America is remembering former President Jimmy Carter ahead of Thursday’s funeral service at the National Cathedral in Washington and his burial back home in Georgia.
Presidential funerals have a rich history, with the public farewells often revealing a bit about the individuals who held the office and their time leading the country.
Carter is no exception.
The Early Years
As with most presidential traditions, George Washington is a good place to start.
The United States’ first commander in chief requested a private funeral, without public eulogies or parades. But that wish was denied.
“Hundreds of mourners flocked to Mount Vernon to pay their respects,” said Matthew Costello, with the White House Historical Association. “Mock funerals are held throughout the entire country, celebrating George Washington as a national figure.”
Throughout the 19th century, presidential funerals would vary in size from small local gatherings to large outdoor tributes.
The funeral procession in New York City for Ulysses S. Grant in 1885 drew an estimated 1.5 million people, the largest demonstration in the country to that point.
Grant, who as a general led the Union to victory in the Civil War, was buried in Riverside Park on Manhattan’s Upper West Side in a temporary tomb until a mausoleum was constructed in his honor and completed in 1897. It remains the largest mausoleum in North America to this day.
Louis Picone, the author of the book "The President is Dead!" said Grant’s death was “really seen as the right moment, the right man almost to celebrate reunification and reconciliation.”
“Even at the funeral, there was some former Confederate soldiers that had marched in the funeral procession,” Picone said.
Lincoln establishes the standard
The death of Abraham Lincoln after being shot at Ford's Theater in Washington, D.C. helped establish the standard for presidential memorials.
Lincoln was the first commander in chief to lie in state in the U.S. Capitol rotunda, a now common practice.
Thanks to the growing ubiquity of the railroad, many Americans participated in the grieving process firsthand.
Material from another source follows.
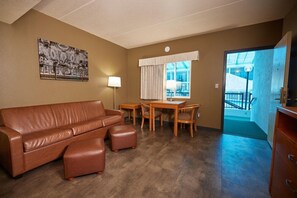 Flat-screen TV - Adventureland Inn (Altoona)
Lincoln’s funeral train made a 1,700 mile journey, with several stops including in New York, Philadelphia, and Chicago.
“Approximately 1.5 million people saw Lincoln's remains. Approximately eight million people would have either seen the funeral train or seen the procession,” Picone said.
Nearly a century later, when another assassination rocked the nation, John F. Kennedy’s wife Jackie looked to Lincoln’s funeral as a model for how the country would say goodbye.
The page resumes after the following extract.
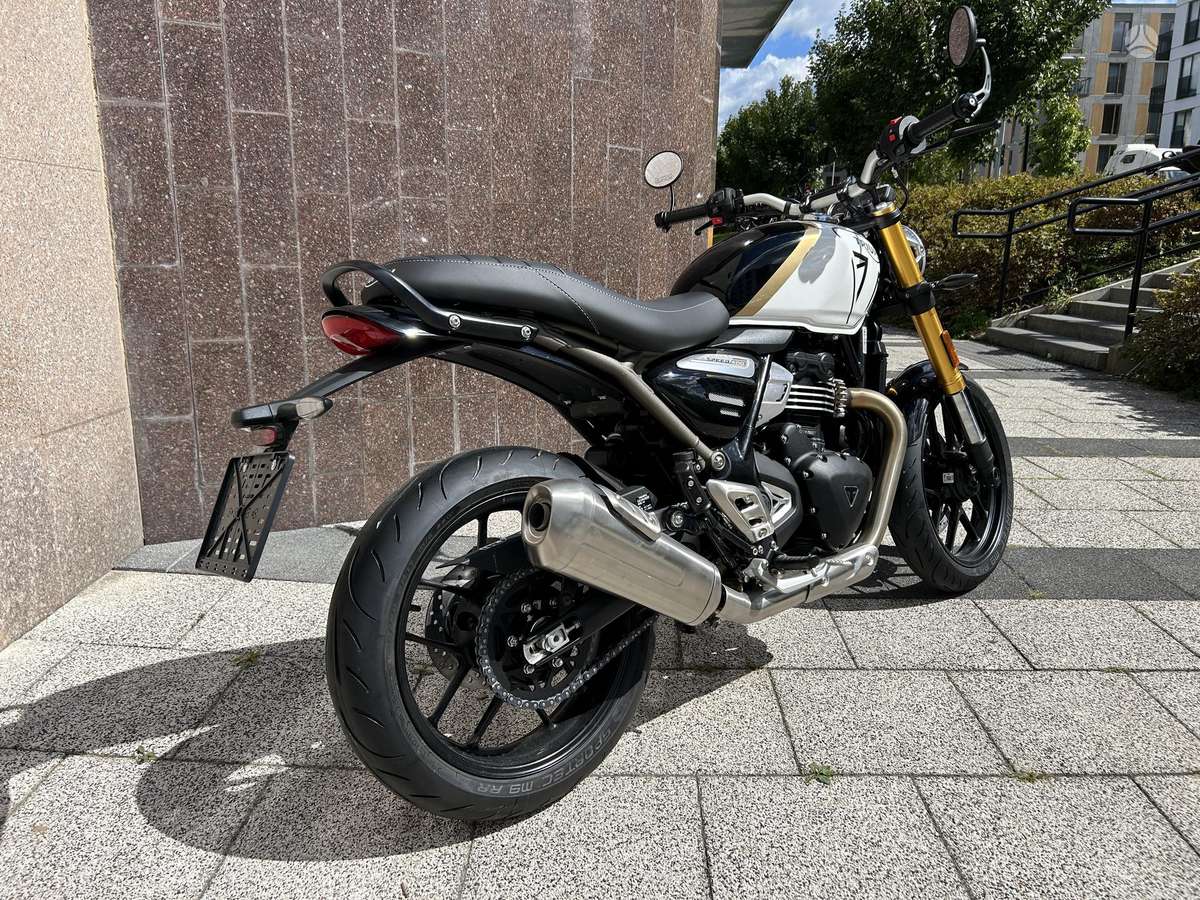 Triumph Speed 400 398cc, street / classic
Kennedy’s funeral was the first broadcast on television, allowing even more Americans to participate.
Since then, these funerals are now very public affairs and the rituals are often familiar.
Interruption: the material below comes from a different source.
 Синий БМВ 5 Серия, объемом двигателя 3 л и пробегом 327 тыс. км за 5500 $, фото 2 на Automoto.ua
Presidents begin planning their funerals while still in office, giving them more of a direct say in what their final sendoffs look like. What traditions they choose to follow — or not — reveal a bit about who they are.
Harry Truman, for example, opted for a smaller service back home in Missouri.
“Truman did not see himself as sort of president-for-life,” Costello said. “I think he rejected the pomp and the pageantry often associated with the presidency. And Independence was the place that he loved.”